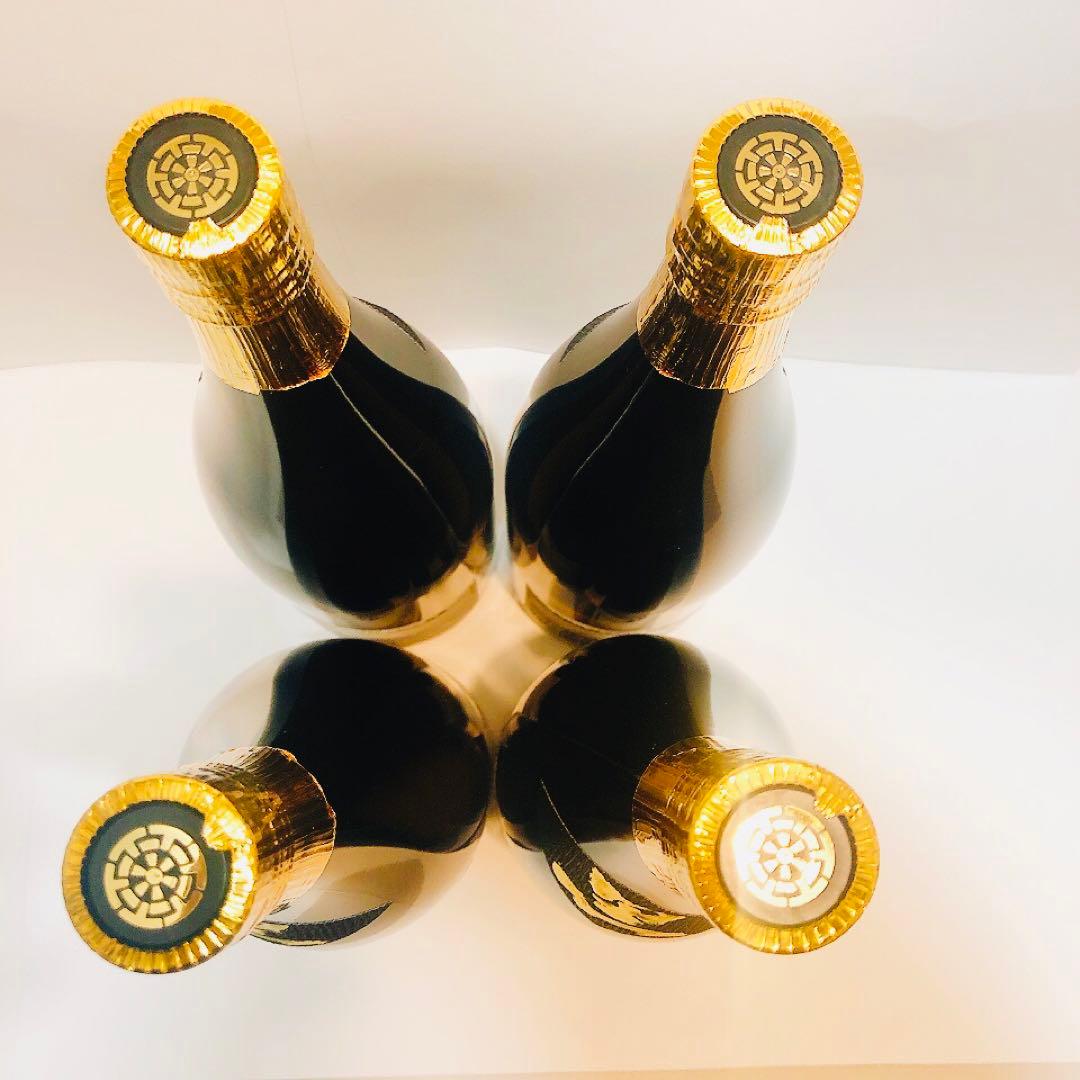 佐藤 黒 1800ml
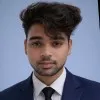 Shashikant Patel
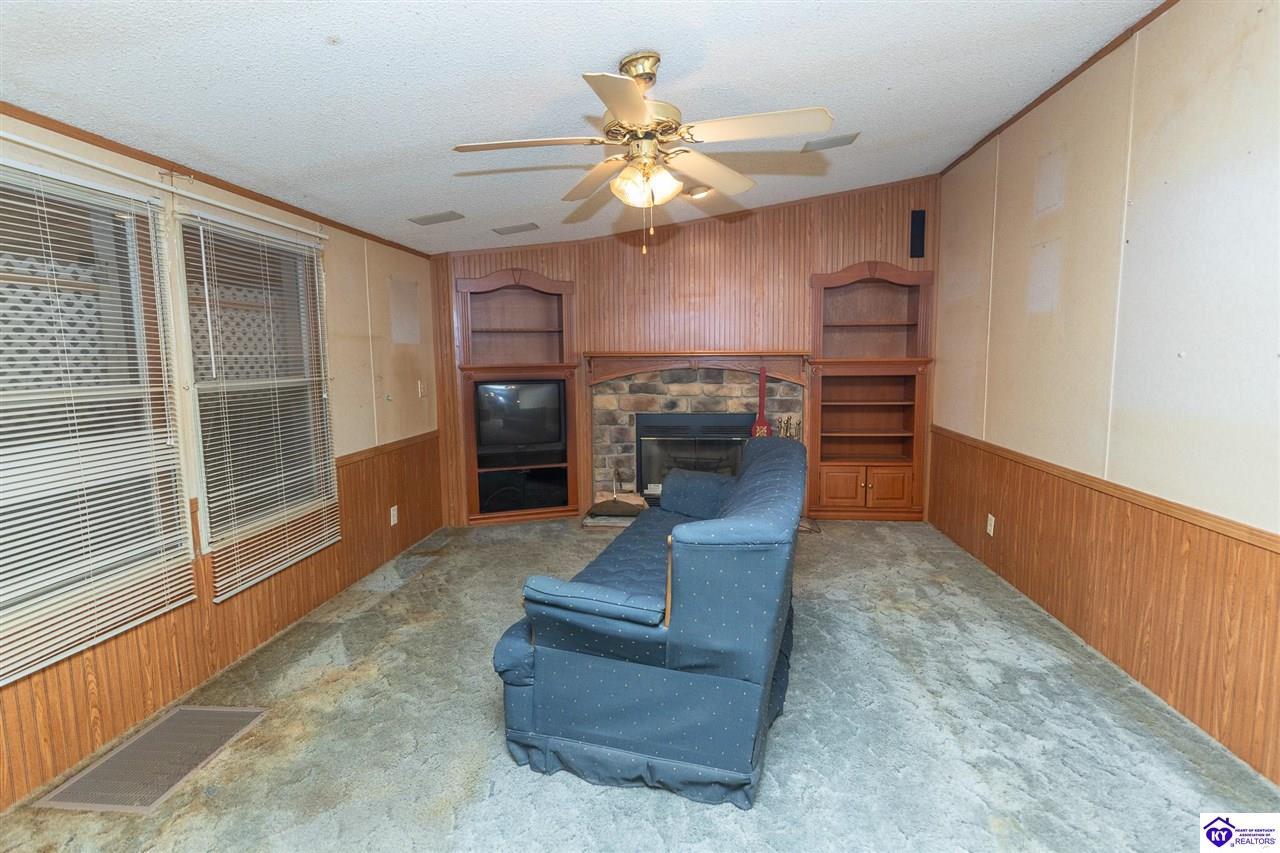 218 Blackburn Road Property Photo 23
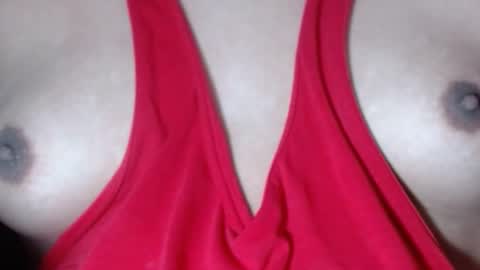 Selda online show from January 7, 5:22 am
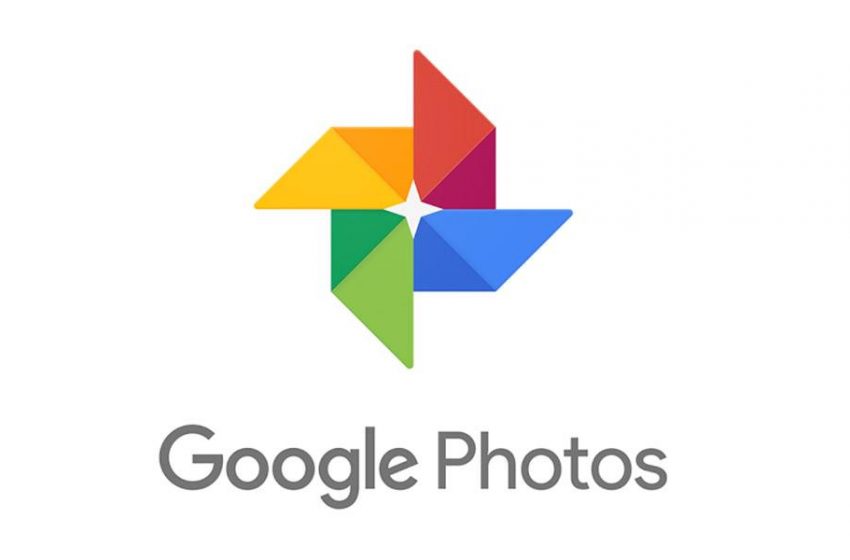 Google Fotoğraflar’a ücretli özellikler geliyor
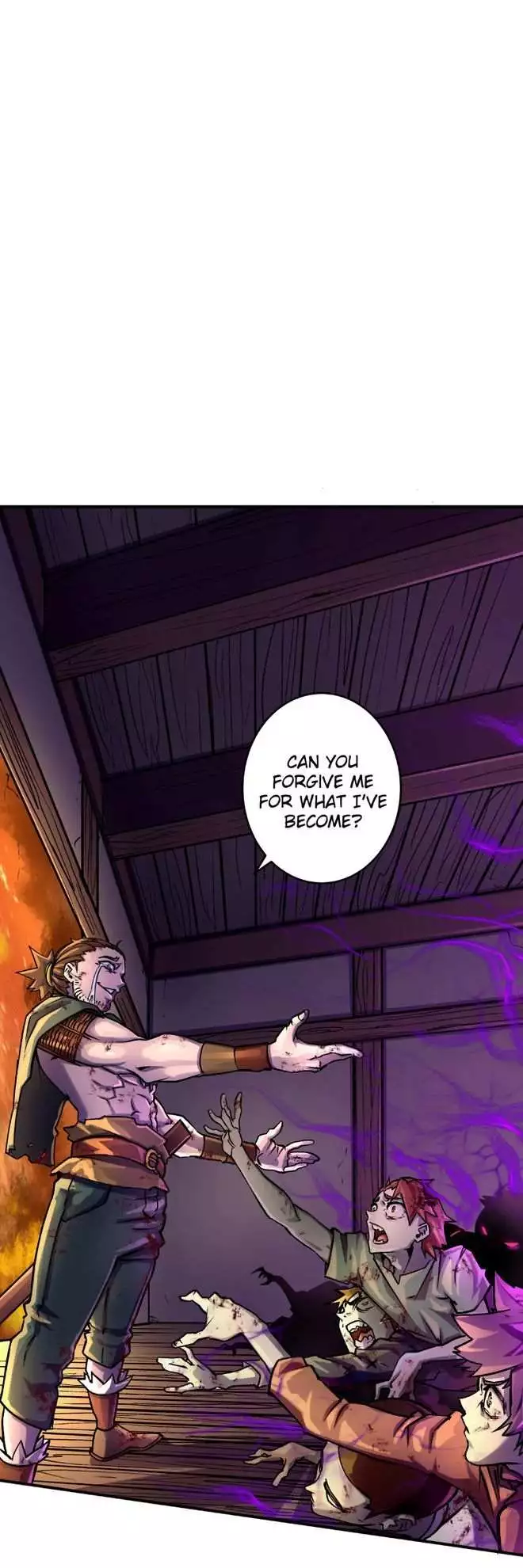 Manga page 52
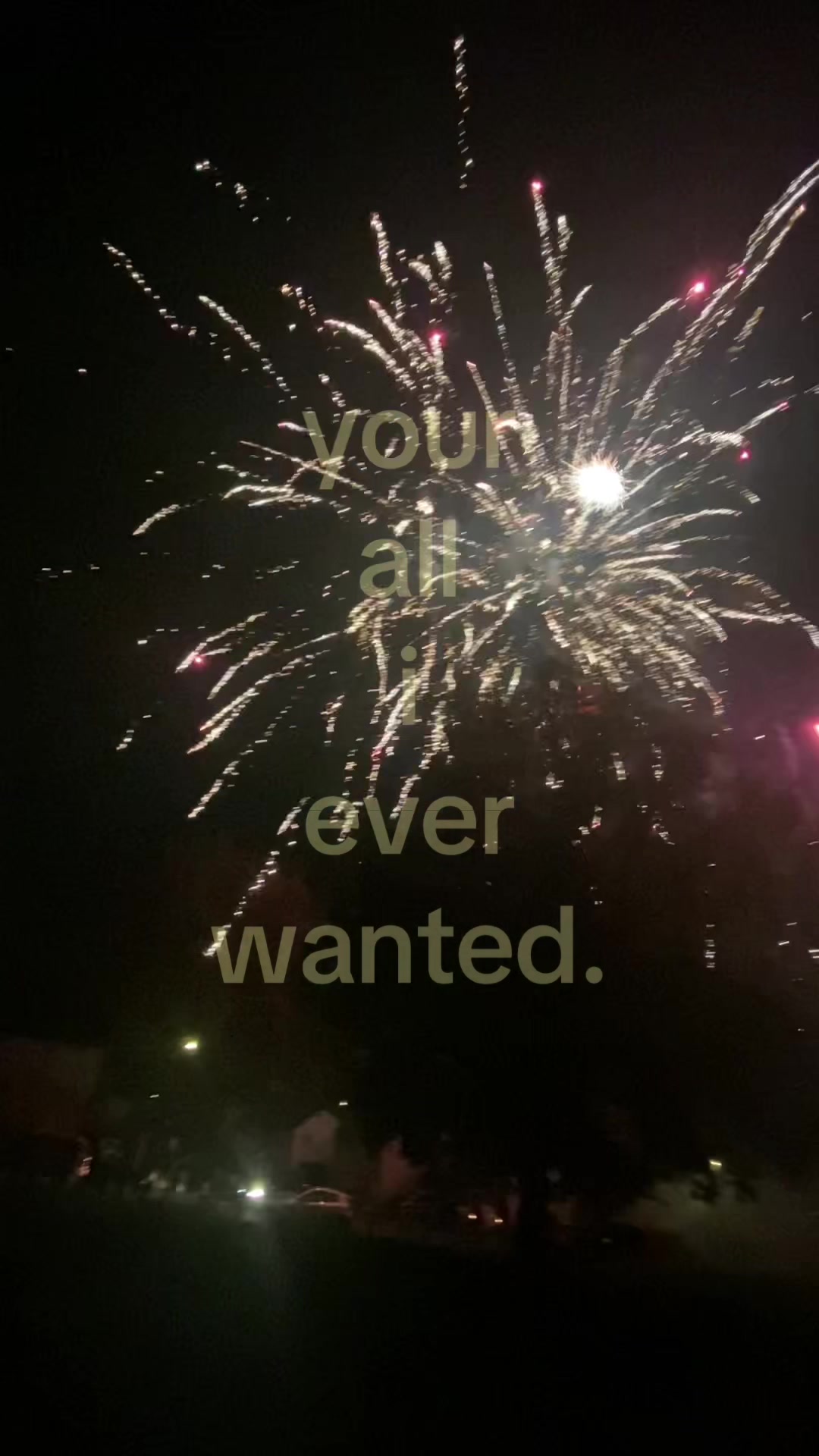 @𝑙𝑎𝑐𝑒𝑦 𝑠𝑝𝑎𝑚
● ● ●
Output exactly the lines from the line with "Selda online show from January 7, 5:22 am" to the last line of the records, including both, and leave every picture out.

 Selda online show from January 7, 5:22 am
 Google Fotoğraflar’a ücretli özellikler geliyor
 Manga page 52
 @𝑙𝑎𝑐𝑒𝑦 𝑠𝑝𝑎𝑚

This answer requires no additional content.